Verzoeker heeft bezwaar gemaakt tegen de uitkeringsspecificatie van januari 2020. Deze specificatie bevat een wijziging ten opzichte van de specificatie van december 2019 in die zin dat de maandelijkse inhouding in verband met de bestuursrechtelijke premie is verhoogd van € 138,50 naar € 141,50. Gelet hierop is de specificatie van januari 2020 niet slechts informatief van aard, maar is de specificatie gericht op rechtsgevolg voor zover het de hoogte van de inhouding betreft. Dit betekent dat de betreffende specificatie in zoverre moet worden aangemerkt als een besluit in de zin van artikel 1:3, eerste lid, van de Awb. De rechtbank heeft dit niet onderkend. Dat betekent dat aangevallen uitspraak moet worden vernietigd. Doende wat de rechtbank zou behoren te doen zal de Raad het beroep gegrond verklaren en bestreden besluit vernietigen. Aansluitend moet worden bezien welk vervolg aan deze uitkomst wordt gegeven. De voorzieningenrechter ziet aanleiding om op basis van artikel 8:72, derde lid, van de Awb de rechtsgevolgen van het te vernietigen bestreden besluit van 25 februari 2020 in stand te laten. Daartoe wordt als volgt overwogen.

4.5.

Het bezwaar van verzoeker is niet gericht tegen de inhouding in verband met de bestuursrechtelijke premie op zich, maar gericht op het oplossen van een geschil met de zorgverzekeraar. Verzoeker houdt het college verantwoordelijk voor het ontstaan van de wanbetaling aan de zorgverzekeraar, omdat het college rechtstreeks de betaling van de ziektekostenpremies uit de bijstandsuitkering deed. Met de bezwaarprocedure kon verzoeker dit door hem beoogde doel niet bereiken, zodat hij in bezwaar geen belang had bij de beoordeling van de rechtmatigheid van de uitkeringsspecificatie. Dit betekent dat het college het bezwaar niet-ontvankelijk had moeten verklaren in verband met het ontbreken van procesbelang. Hieruit volgt dat de rechtsgevolgen van het vernietigde bestreden besluit in stand blijven. Het betekent ook dat geen grond bestaat voor het treffen van een voorlopige voorziening, zodat het verzoek daartoe wordt afgewezen.

4.6.

Ten overvloede merkt de voorzieningenrechter op dat uit de uitgebreide behandeling ter zitting is gebleken dat verzoeker hulp behoeft vanuit het college om uit de al jaren voortdurende situatie van inhouding van bestuursrechtelijke premie te raken. Uit de gedingstukken blijkt dat een medewerker van de gemeente op 19 februari 2020 verzoeker schriftelijk heeft benaderd om te praten over de aflossing van een schuld bij de ziektekostenverzekeraar. Deze brief heeft echter geen vervolg gekregen. Het komt de voorzieningenrechter als zinnig voor dat partijen alsnog komen tot een oplossing van de gerezen problematiek.
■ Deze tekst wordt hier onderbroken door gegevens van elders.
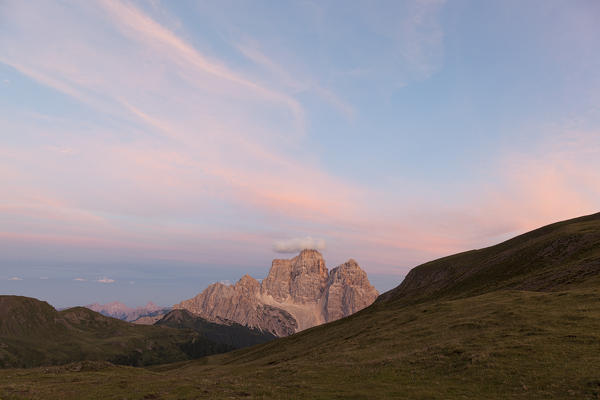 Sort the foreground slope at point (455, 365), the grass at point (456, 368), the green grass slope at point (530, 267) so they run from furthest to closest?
the green grass slope at point (530, 267) < the foreground slope at point (455, 365) < the grass at point (456, 368)

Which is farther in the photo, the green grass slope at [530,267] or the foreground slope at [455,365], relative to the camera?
the green grass slope at [530,267]

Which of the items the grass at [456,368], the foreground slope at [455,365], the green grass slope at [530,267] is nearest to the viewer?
the grass at [456,368]

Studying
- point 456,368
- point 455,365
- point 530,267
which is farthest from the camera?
point 530,267

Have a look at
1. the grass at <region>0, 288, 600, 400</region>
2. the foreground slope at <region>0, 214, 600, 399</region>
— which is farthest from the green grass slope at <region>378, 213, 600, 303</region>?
the grass at <region>0, 288, 600, 400</region>

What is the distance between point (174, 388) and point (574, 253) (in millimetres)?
91230

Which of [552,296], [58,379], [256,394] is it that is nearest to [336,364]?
[256,394]

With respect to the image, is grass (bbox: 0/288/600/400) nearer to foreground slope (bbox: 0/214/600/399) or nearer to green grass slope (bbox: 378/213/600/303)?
foreground slope (bbox: 0/214/600/399)

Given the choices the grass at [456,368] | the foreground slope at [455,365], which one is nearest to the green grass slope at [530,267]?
the foreground slope at [455,365]

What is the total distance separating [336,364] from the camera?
4391 cm

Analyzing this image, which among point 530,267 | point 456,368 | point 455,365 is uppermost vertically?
point 530,267

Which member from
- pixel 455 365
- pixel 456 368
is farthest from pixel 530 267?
pixel 456 368

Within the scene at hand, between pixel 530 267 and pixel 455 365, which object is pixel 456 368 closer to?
pixel 455 365

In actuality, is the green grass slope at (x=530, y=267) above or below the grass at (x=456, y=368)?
above

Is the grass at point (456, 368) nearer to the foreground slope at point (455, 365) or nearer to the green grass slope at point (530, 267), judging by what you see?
the foreground slope at point (455, 365)
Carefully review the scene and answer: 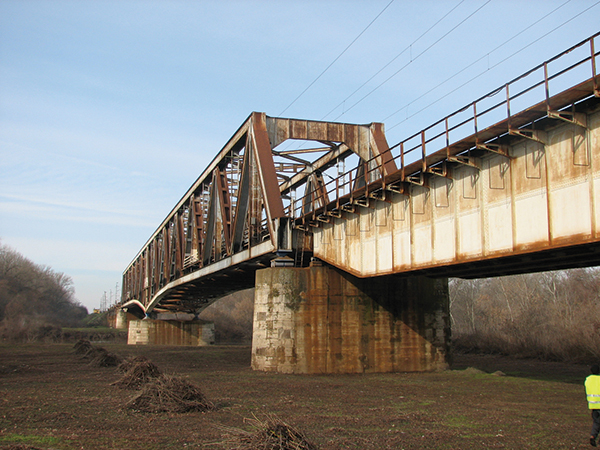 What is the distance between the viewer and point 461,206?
56.6 ft

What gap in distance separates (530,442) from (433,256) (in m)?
7.89

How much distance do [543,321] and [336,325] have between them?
3507cm

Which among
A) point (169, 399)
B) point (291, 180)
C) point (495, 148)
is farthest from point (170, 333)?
point (495, 148)

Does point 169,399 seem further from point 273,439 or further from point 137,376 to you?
point 273,439

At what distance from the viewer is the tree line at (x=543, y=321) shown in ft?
122

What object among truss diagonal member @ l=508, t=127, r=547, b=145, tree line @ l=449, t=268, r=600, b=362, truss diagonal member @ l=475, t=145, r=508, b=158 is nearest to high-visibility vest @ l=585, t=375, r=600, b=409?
truss diagonal member @ l=508, t=127, r=547, b=145

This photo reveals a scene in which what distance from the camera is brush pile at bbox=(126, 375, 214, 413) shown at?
14.4 m

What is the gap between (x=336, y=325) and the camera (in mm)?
25297

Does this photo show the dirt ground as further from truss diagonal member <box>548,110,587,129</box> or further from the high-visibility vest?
truss diagonal member <box>548,110,587,129</box>

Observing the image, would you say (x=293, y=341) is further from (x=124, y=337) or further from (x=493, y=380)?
(x=124, y=337)

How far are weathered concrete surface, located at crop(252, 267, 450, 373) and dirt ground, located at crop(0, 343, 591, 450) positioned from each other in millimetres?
950

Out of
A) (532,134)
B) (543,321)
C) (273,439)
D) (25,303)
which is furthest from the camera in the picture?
(25,303)

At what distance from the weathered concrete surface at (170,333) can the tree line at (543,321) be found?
30.5 meters

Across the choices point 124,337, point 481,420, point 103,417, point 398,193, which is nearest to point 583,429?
point 481,420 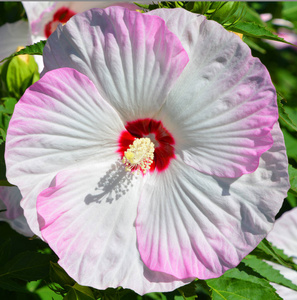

5. Voor een proceskostenveroordeling bestaat geen aanleiding, omdat niet is gebleken van voor vergoeding in aanmerking komende kosten. Nu (de griffier van) de rechtbank en van de Raad geen griffierecht hebben geheven, is toepassing van artikel 8:114, eerste lid, van de Awb niet aan de orde.

BESLISSING

De voorzieningenrechter van de Centrale Raad van Beroep

-

vernietigt de aangevallen uitspraak;

-

verklaart het beroep gegrond;

-

vernietigt het bestreden besluit van 25 februari 2020;

-

bepaalt dat de rechtsgevolgen van het vernietigde bestreden besluit in stand blijven;

-

wijst het verzoek om een voorlopige voorziening af.

Deze uitspraak is gedaan door A.J. Schaap, in tegenwoordigheid van B. Beerens als griffier. De beslissing is uitgesproken in het openbaar op 13 juli 2021.